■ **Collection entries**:
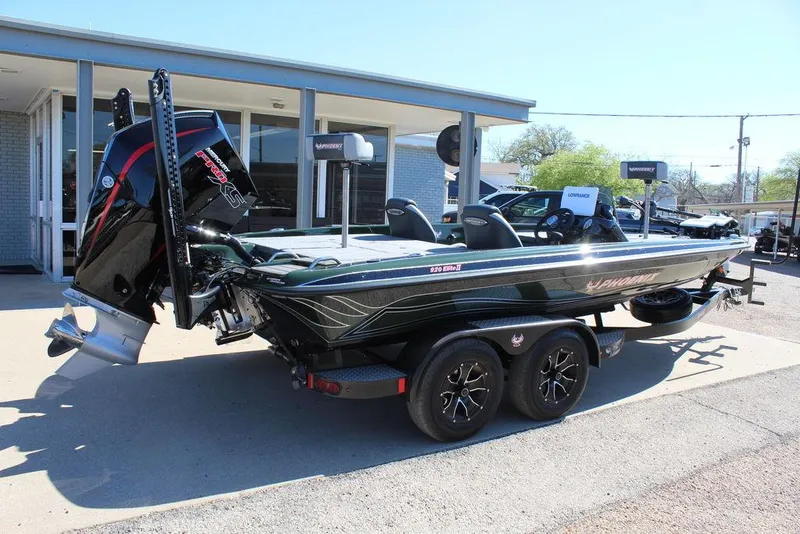 Slide: The Image of 2025 Phoenix 920 Elite II boat on trailer, parked outside dealership. - 1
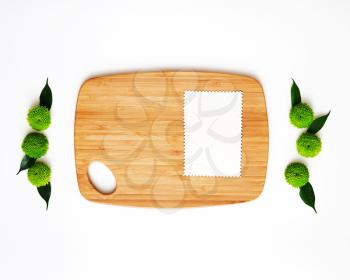 Wooden cutting board and paper with decoration of chrysanthemum flowers and ficus leaves on white background. Overhead view. Flat lay.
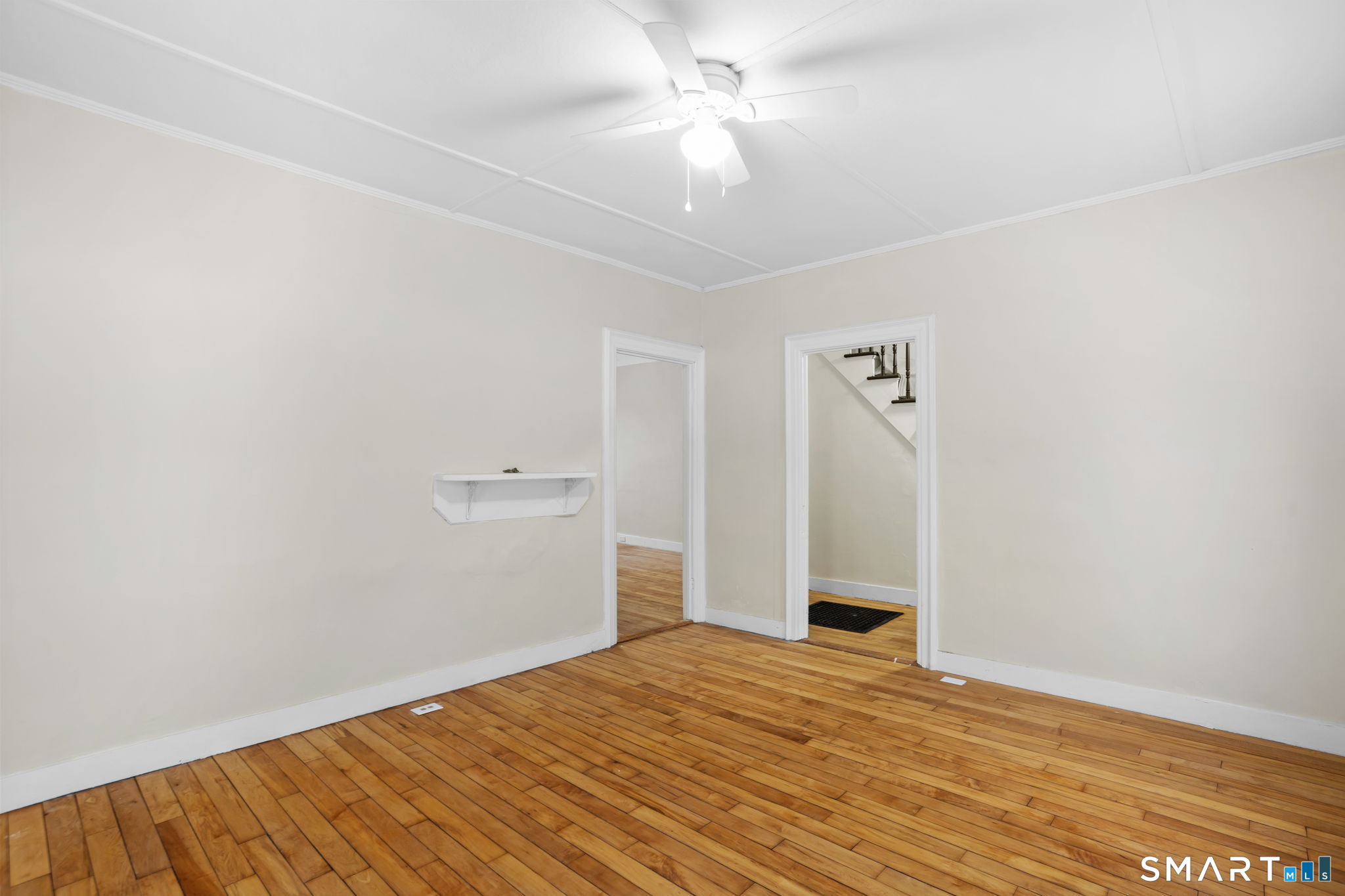 365-367 Putnam Road Plainfield, CT 06387 - Photo 9 of 40 a view of a big room with wooden floor and a ceiling fan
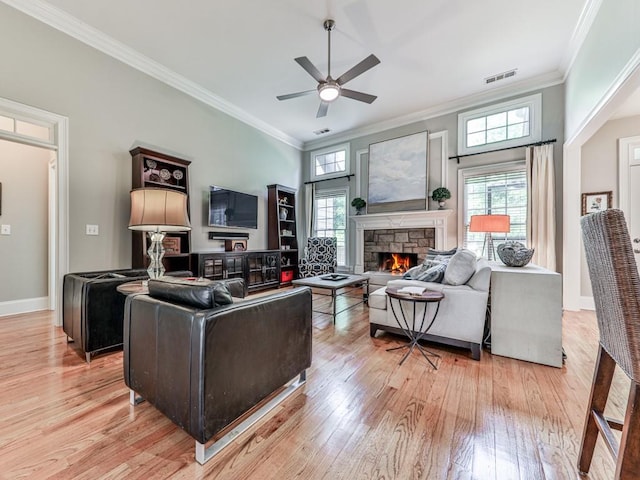 1076 Pinyan Ln, Canton, GA 30115 - living area featuring light wood finished floors, a ceiling fan, ornamental molding, and healthy amount of natural light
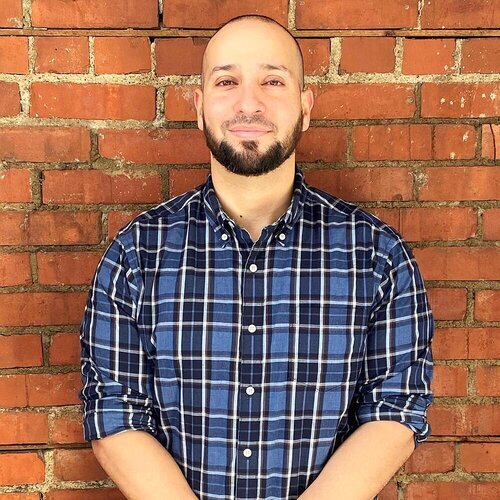 A man in a blue plaid shirt with facial hair standing against a brick wall, giving his exit interview from the youth program, MyComcle.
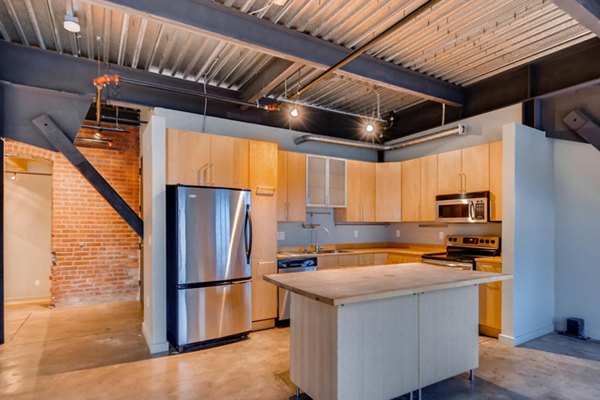 Modern kitchen with stainless steel appliances in Albers Mill Lofts Apartments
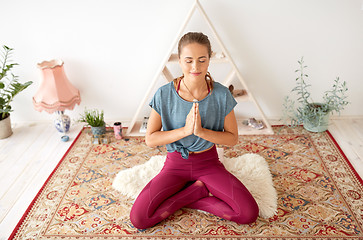 Image showing woman meditating in lotus pose at yoga studio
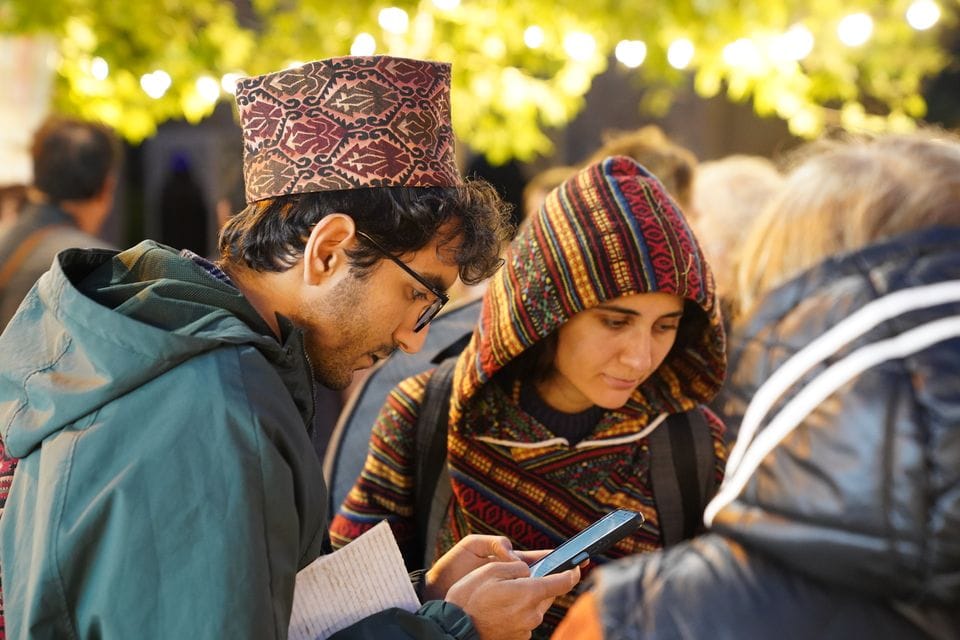 Two people checking a phone together at an outdoor event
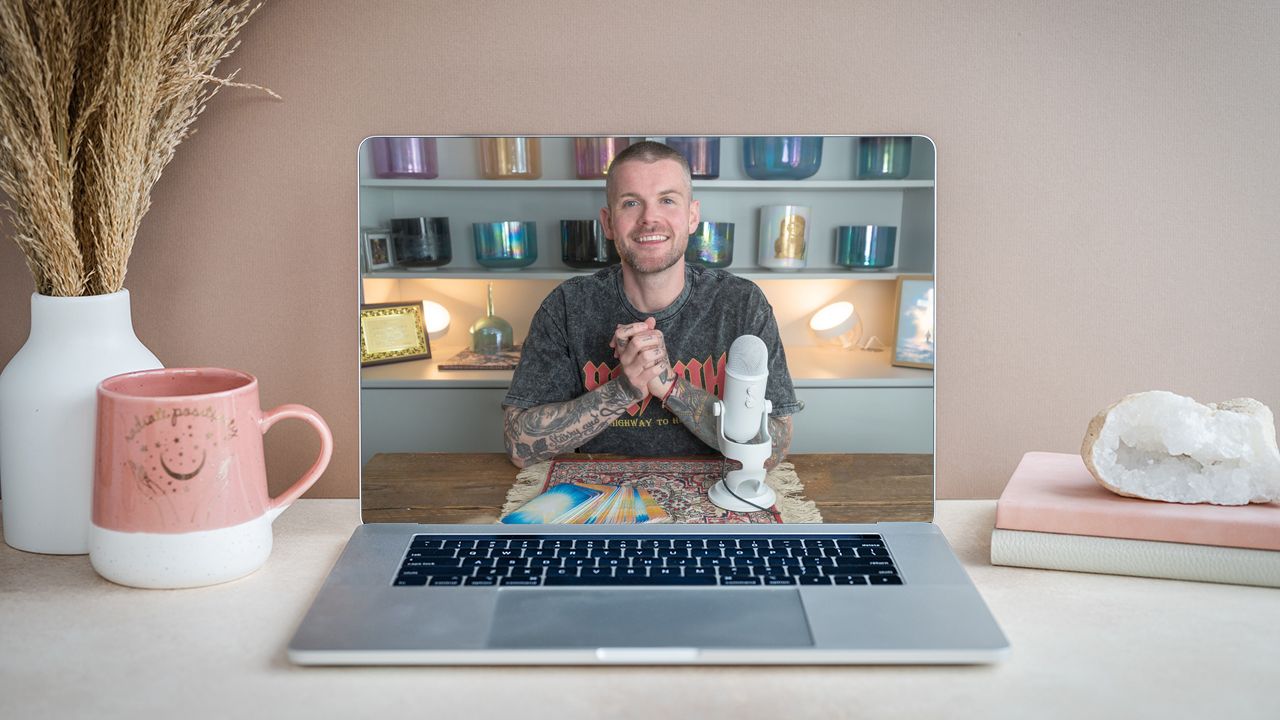 An image of an ipad with Kyle hosting a live workshop on it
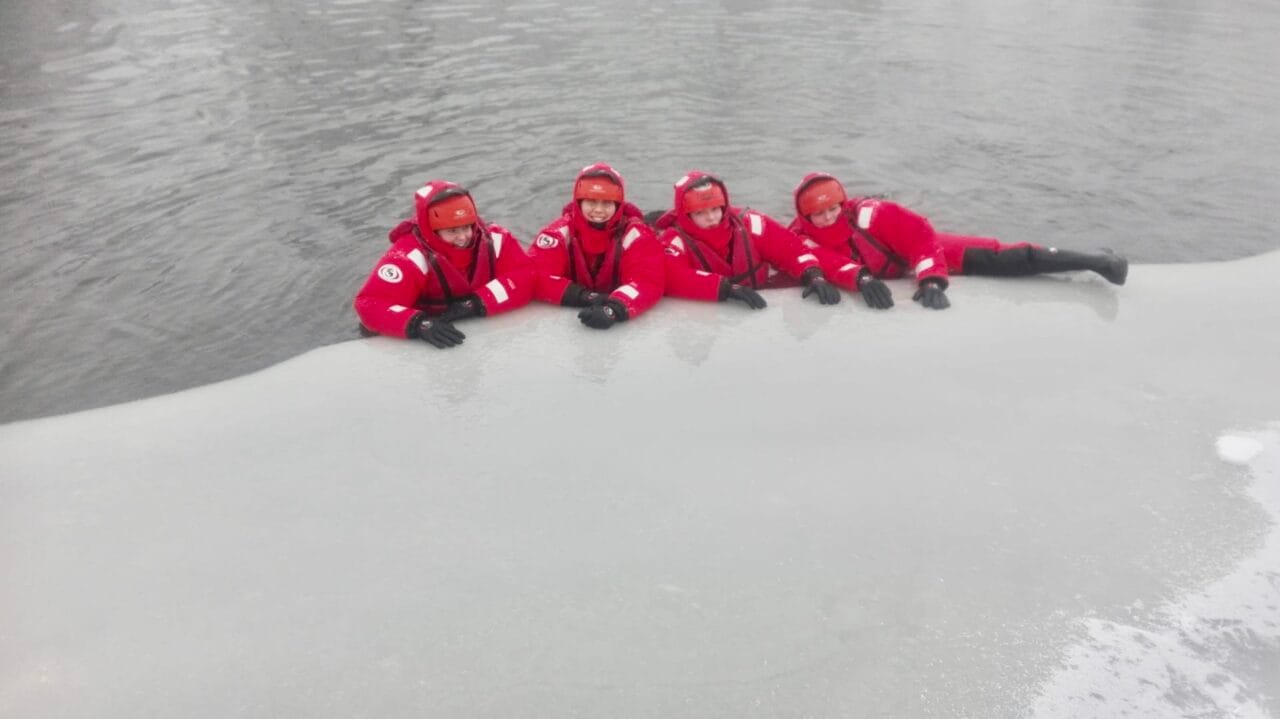People in survival suits at the edge of the ice.
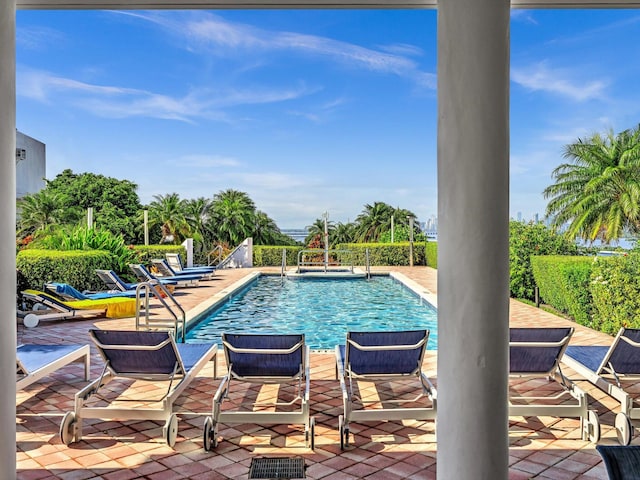 pool featuring a patio area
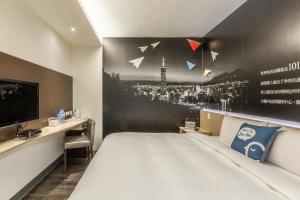 Postel nebo postele na pokoji v ubytování CU Hotel Taipei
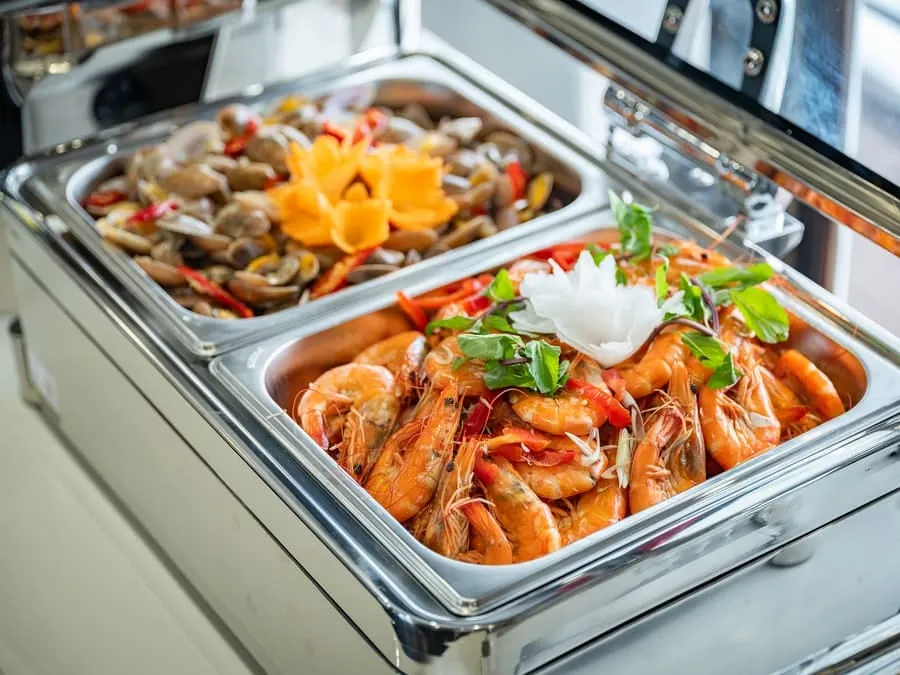 Chafing dishes of stir-fried clams and prawns garnished with carved carrot flowers.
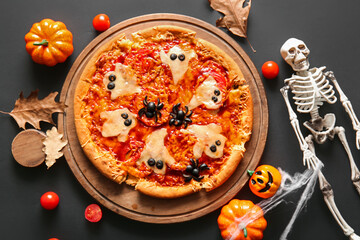 Wooden board with tasty pizza for Halloween celebration on black background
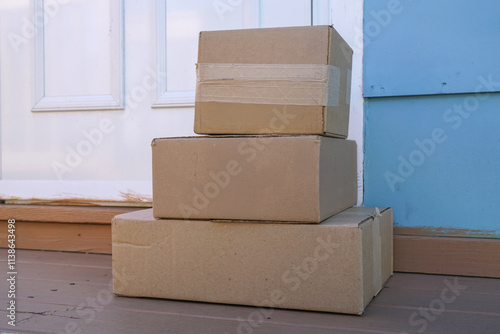 Fotografie delivered package boxes in front of the front door of house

■ **Task item**:
Word for word, set down each record shown above, omitting the pictures.

■ **Response to this task**:
 Slide: The Image of 2025 Phoenix 920 Elite II boat on trailer, parked outside dealership. - 1
 Wooden cutting board and paper with decoration of chrysanthemum flowers and ficus leaves on white background. Overhead view. Flat lay.
 365-367 Putnam Road Plainfield, CT 06387 - Photo 9 of 40 a view of a big room with wooden floor and a ceiling fan
 1076 Pinyan Ln, Canton, GA 30115 - living area featuring light wood finished floors, a ceiling fan, ornamental molding, and healthy amount of natural light
 A man in a blue plaid shirt with facial hair standing against a brick wall, giving his exit interview from the youth program, MyComcle.
 Modern kitchen with stainless steel appliances in Albers Mill Lofts Apartments
 Image showing woman meditating in lotus pose at yoga studio
 Two people checking a phone together at an outdoor event
 An image of an ipad with Kyle hosting a live workshop on it
People in survival suits at the edge of the ice.
 pool featuring a patio area
 Postel nebo postele na pokoji v ubytování CU Hotel Taipei
 Chafing dishes of stir-fried clams and prawns garnished with carved carrot flowers.
 Wooden board with tasty pizza for Halloween celebration on black background
 Fotografie delivered package boxes in front of the front door of house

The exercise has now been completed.